What this task involves>
Skip the pictures and copy all the data that follows exactly.

(Crawled caption data)
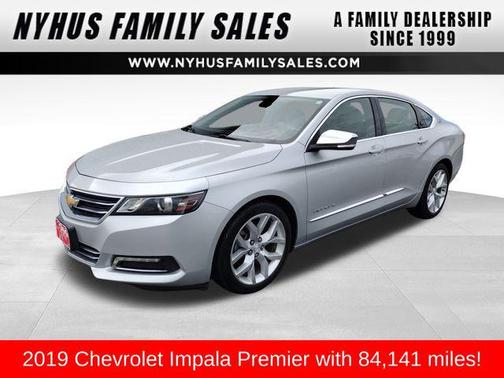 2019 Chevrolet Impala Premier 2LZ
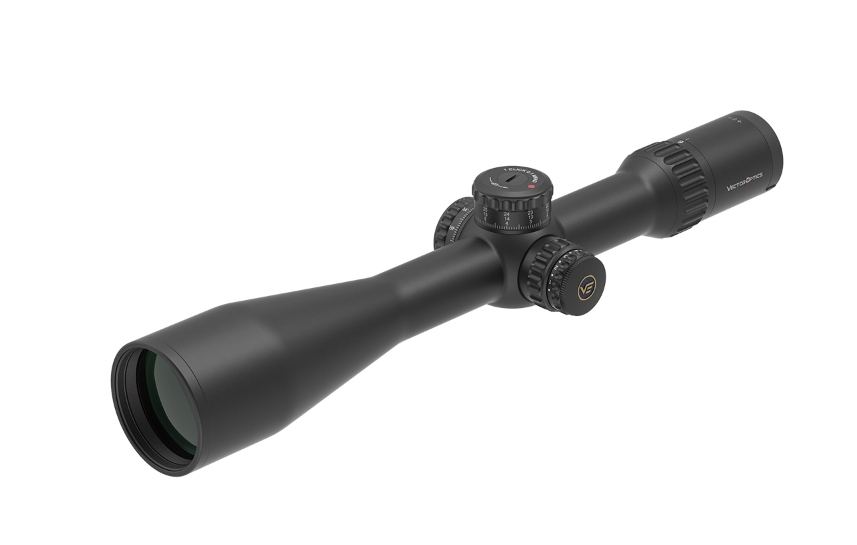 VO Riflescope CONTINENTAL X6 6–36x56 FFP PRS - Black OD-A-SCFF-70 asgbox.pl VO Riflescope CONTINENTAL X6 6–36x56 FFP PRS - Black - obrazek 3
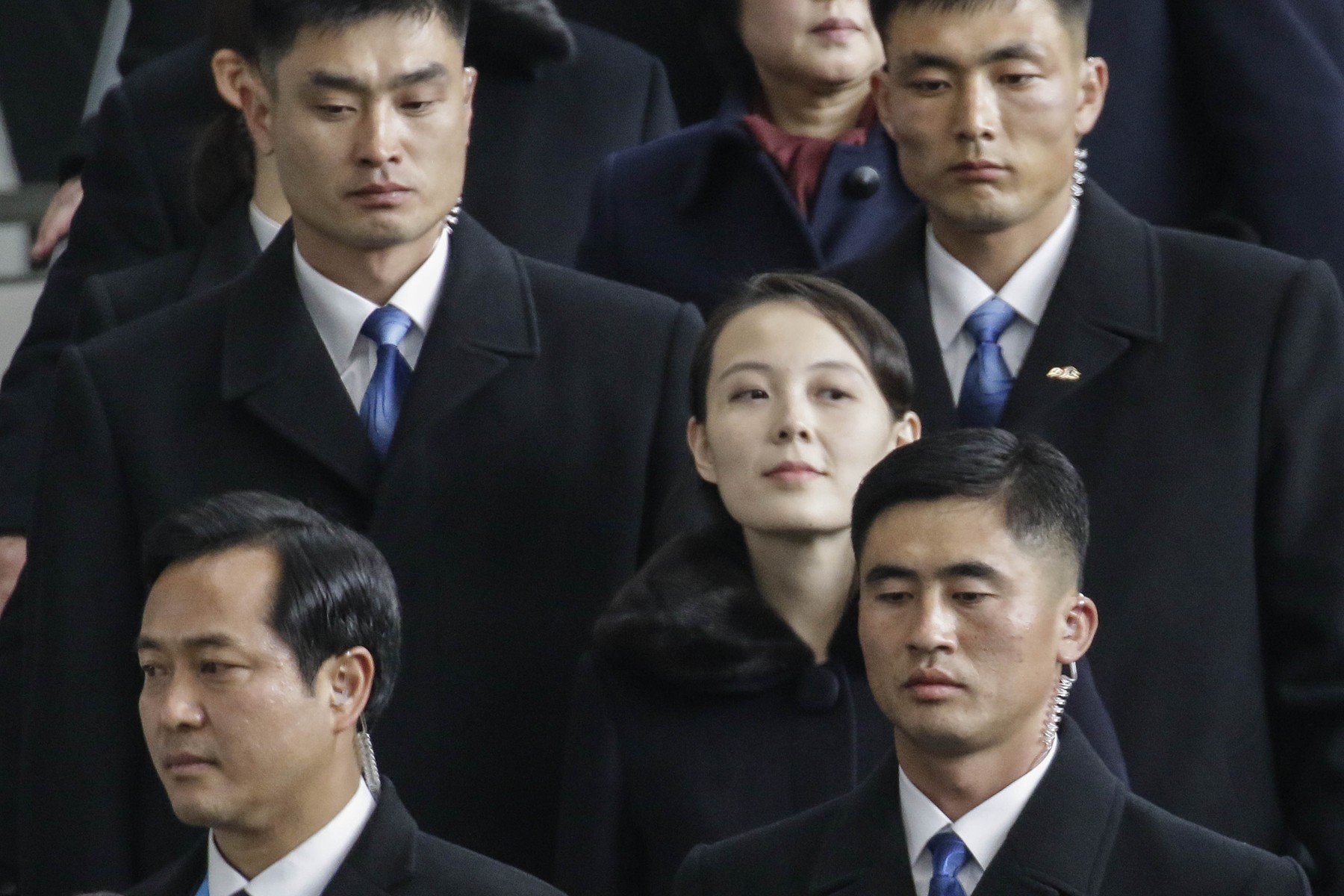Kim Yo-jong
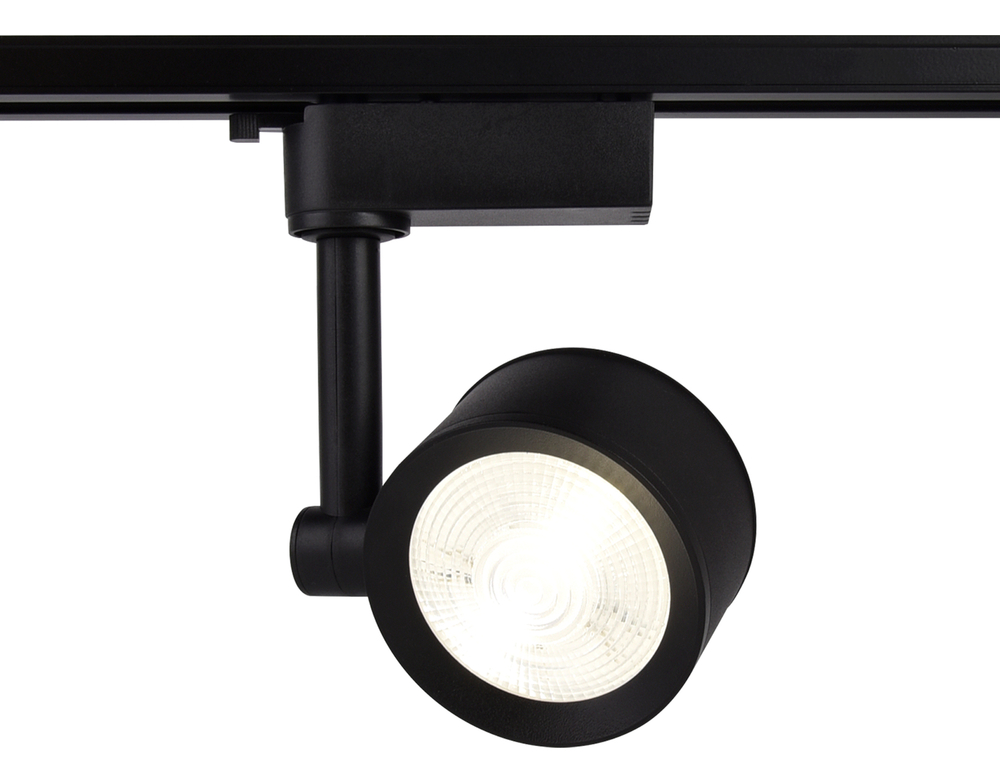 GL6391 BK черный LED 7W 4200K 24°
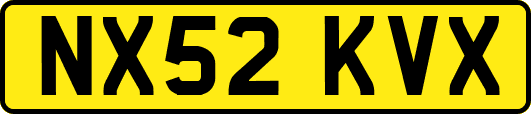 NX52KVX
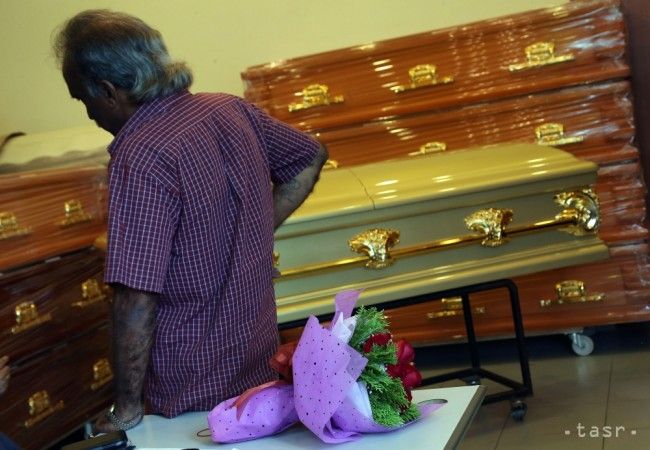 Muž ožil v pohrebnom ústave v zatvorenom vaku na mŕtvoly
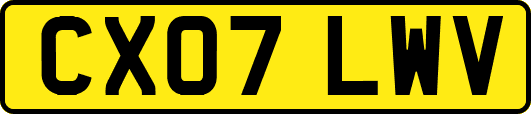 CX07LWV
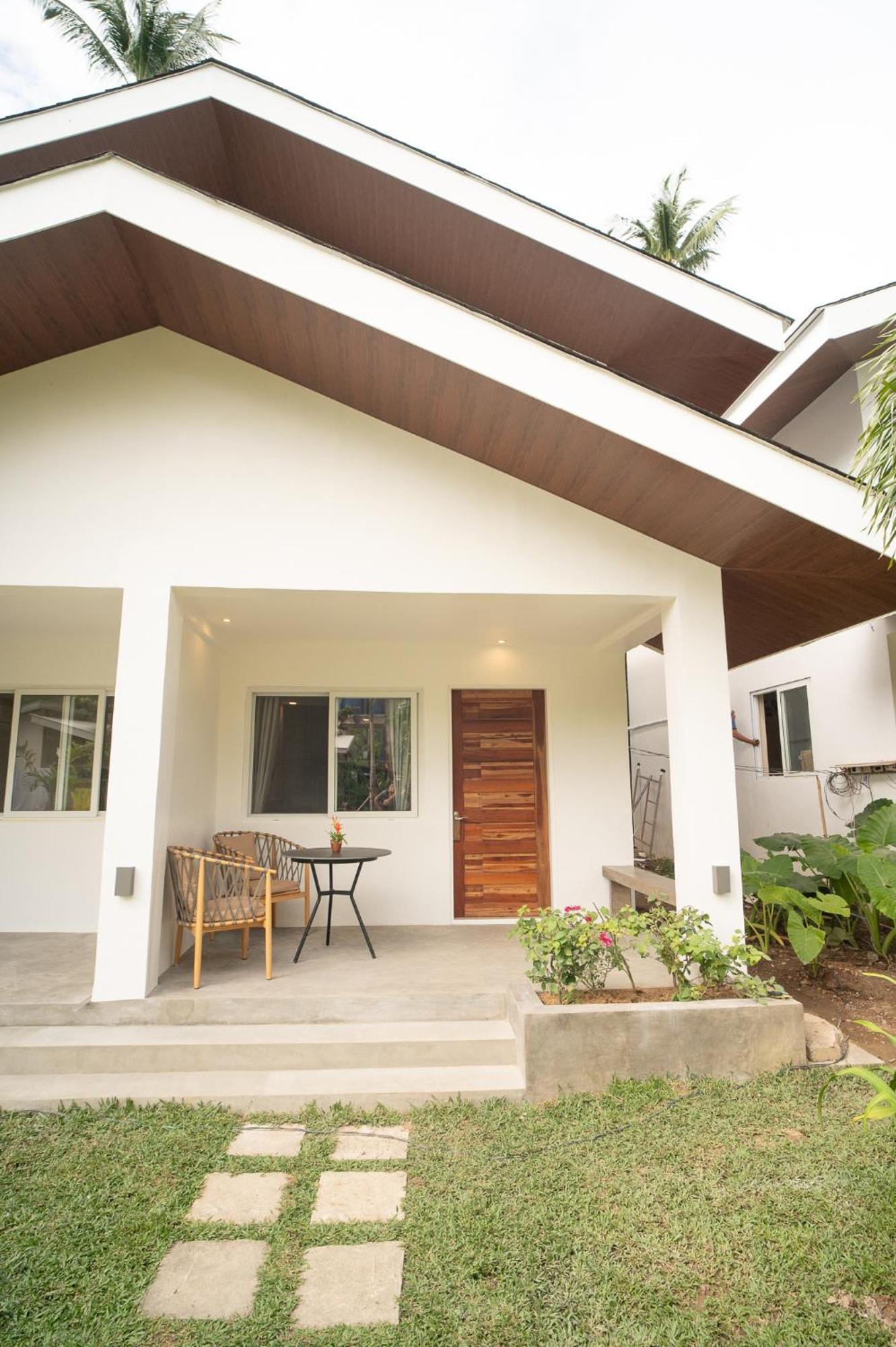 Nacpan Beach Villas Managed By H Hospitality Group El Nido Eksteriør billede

Answer for the task>
 2019 Chevrolet Impala Premier 2LZ
 VO Riflescope CONTINENTAL X6 6–36x56 FFP PRS - Black OD-A-SCFF-70 asgbox.pl VO Riflescope CONTINENTAL X6 6–36x56 FFP PRS - Black - obrazek 3
Kim Yo-jong
 GL6391 BK черный LED 7W 4200K 24°
 NX52KVX
 Muž ožil v pohrebnom ústave v zatvorenom vaku na mŕtvoly
 CX07LWV
 Nacpan Beach Villas Managed By H Hospitality Group El Nido Eksteriør billede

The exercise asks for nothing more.